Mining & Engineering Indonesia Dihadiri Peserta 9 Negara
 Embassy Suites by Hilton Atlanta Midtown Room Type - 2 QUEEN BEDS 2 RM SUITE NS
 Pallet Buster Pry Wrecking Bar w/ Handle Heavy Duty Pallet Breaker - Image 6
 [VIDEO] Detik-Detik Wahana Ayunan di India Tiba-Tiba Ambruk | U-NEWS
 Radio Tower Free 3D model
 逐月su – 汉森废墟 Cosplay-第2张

---

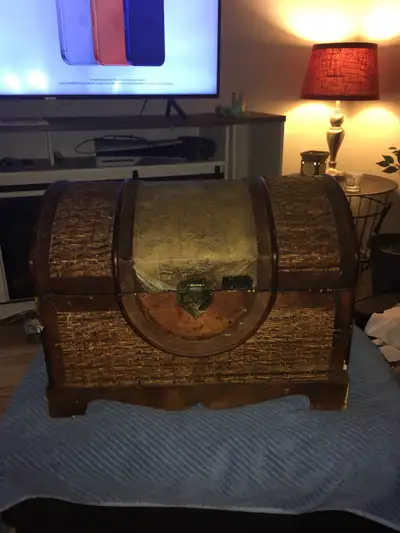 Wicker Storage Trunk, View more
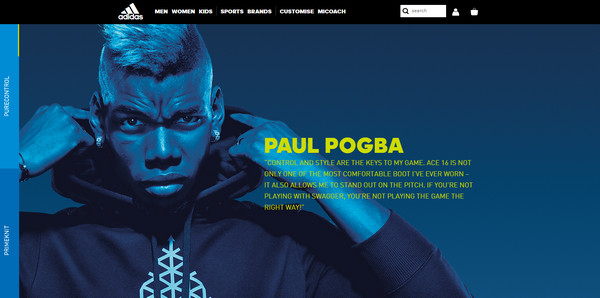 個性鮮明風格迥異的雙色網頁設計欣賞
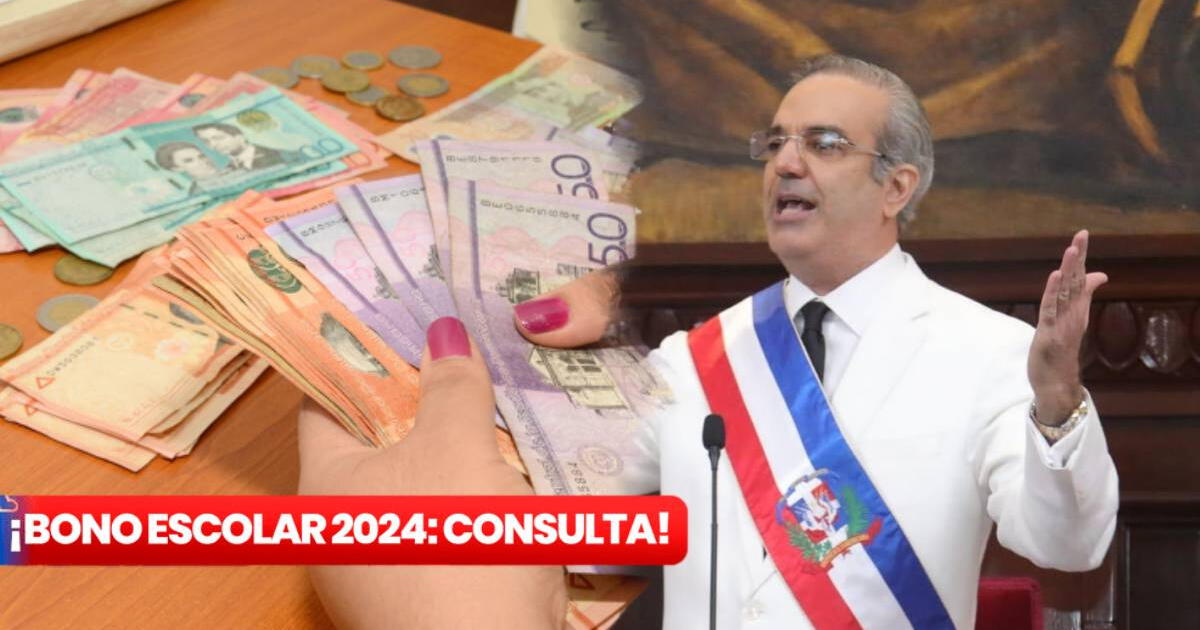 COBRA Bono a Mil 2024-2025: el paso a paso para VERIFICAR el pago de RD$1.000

--

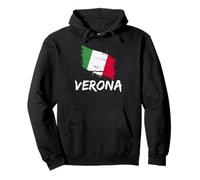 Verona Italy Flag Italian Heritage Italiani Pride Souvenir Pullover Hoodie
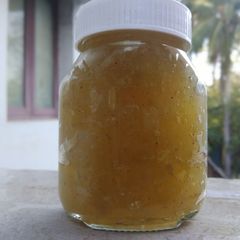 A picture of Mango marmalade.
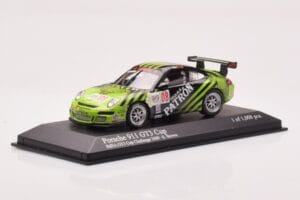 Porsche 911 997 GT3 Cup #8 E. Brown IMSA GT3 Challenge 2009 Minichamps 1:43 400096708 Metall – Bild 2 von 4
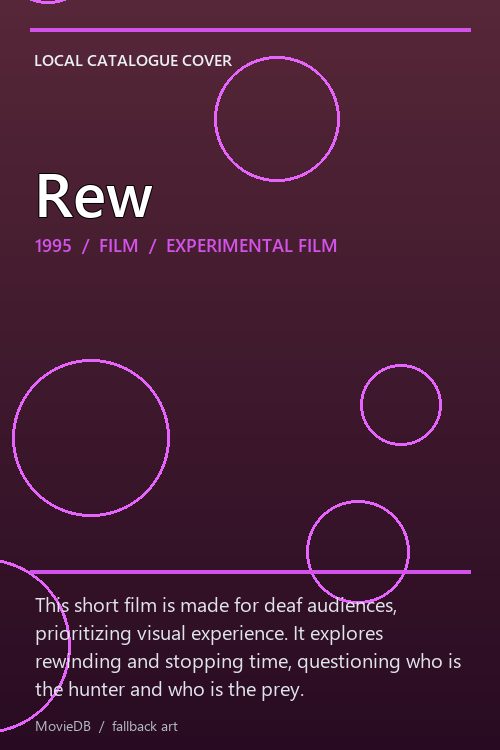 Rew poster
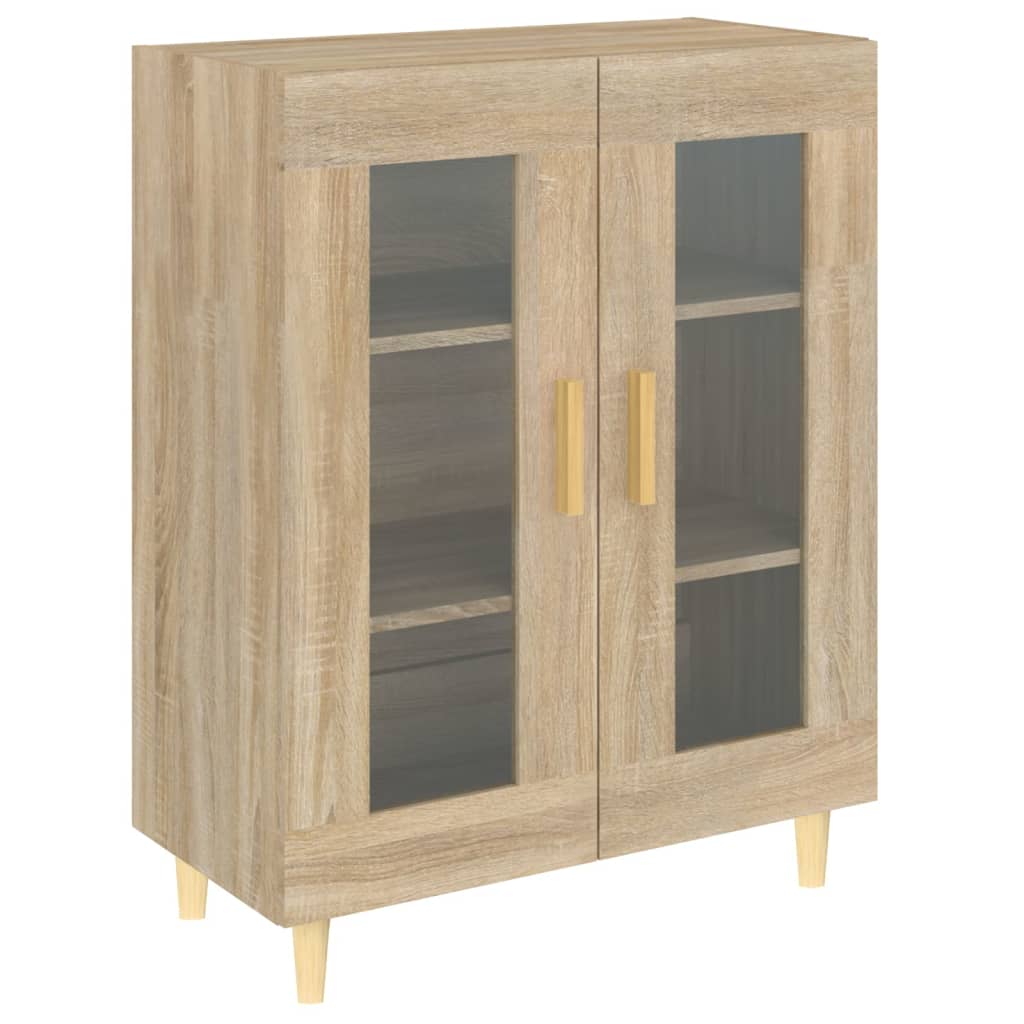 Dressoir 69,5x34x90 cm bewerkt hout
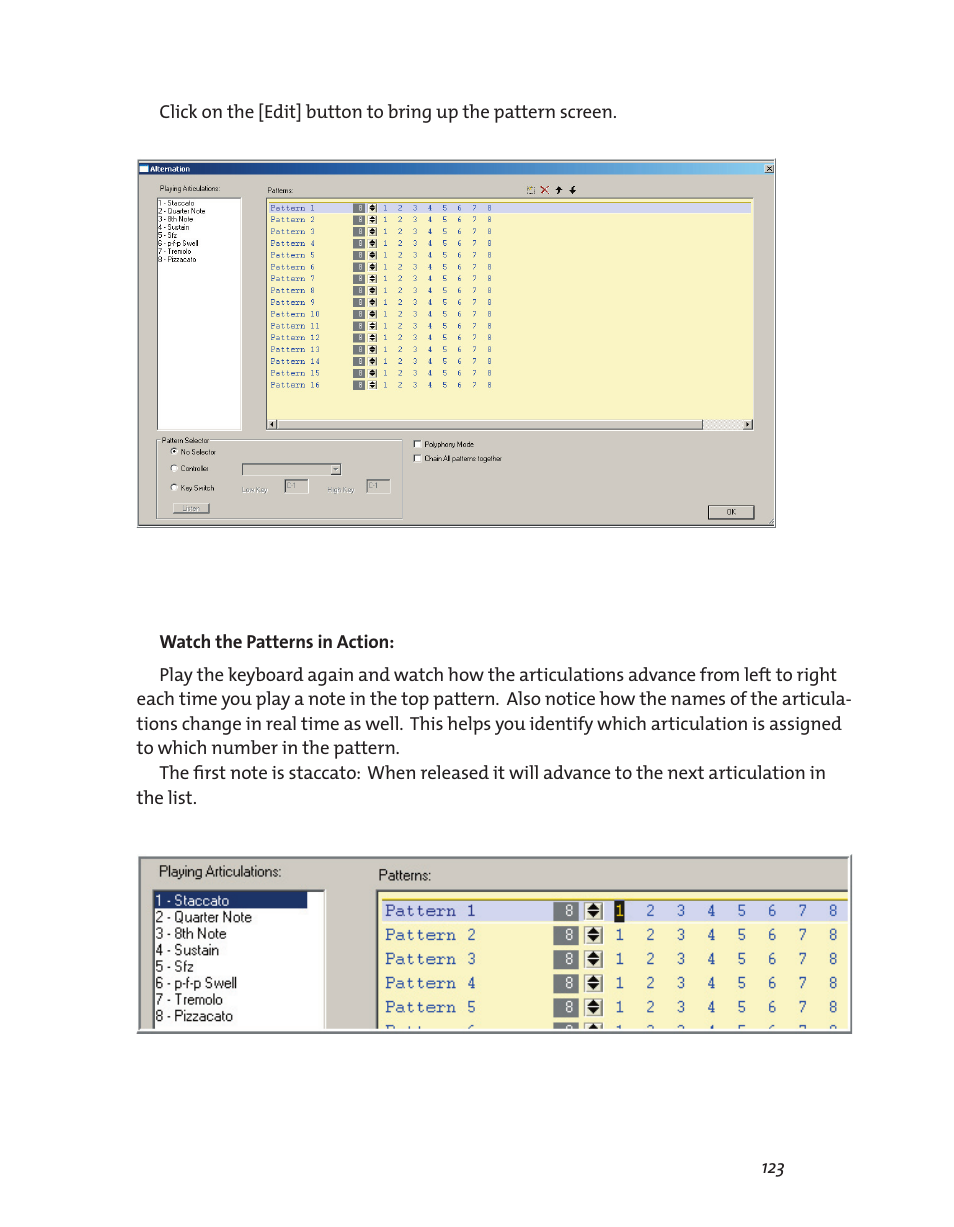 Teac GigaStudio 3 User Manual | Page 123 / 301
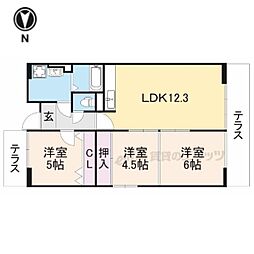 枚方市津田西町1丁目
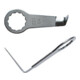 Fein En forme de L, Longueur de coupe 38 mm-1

### REQUIREMENT
Extract from the material above the stretch running from the line containing "個性鮮明風格迥異的雙色網頁設計欣賞" through the line containing "COBRA Bono a". Keep the text exact and the pictures out.

### THE COMPLETED TASK
 個性鮮明風格迥異的雙色網頁設計欣賞
 COBRA Bono a Mil 2024-2025: el paso a paso para VERIFICAR el pago de RD$1.000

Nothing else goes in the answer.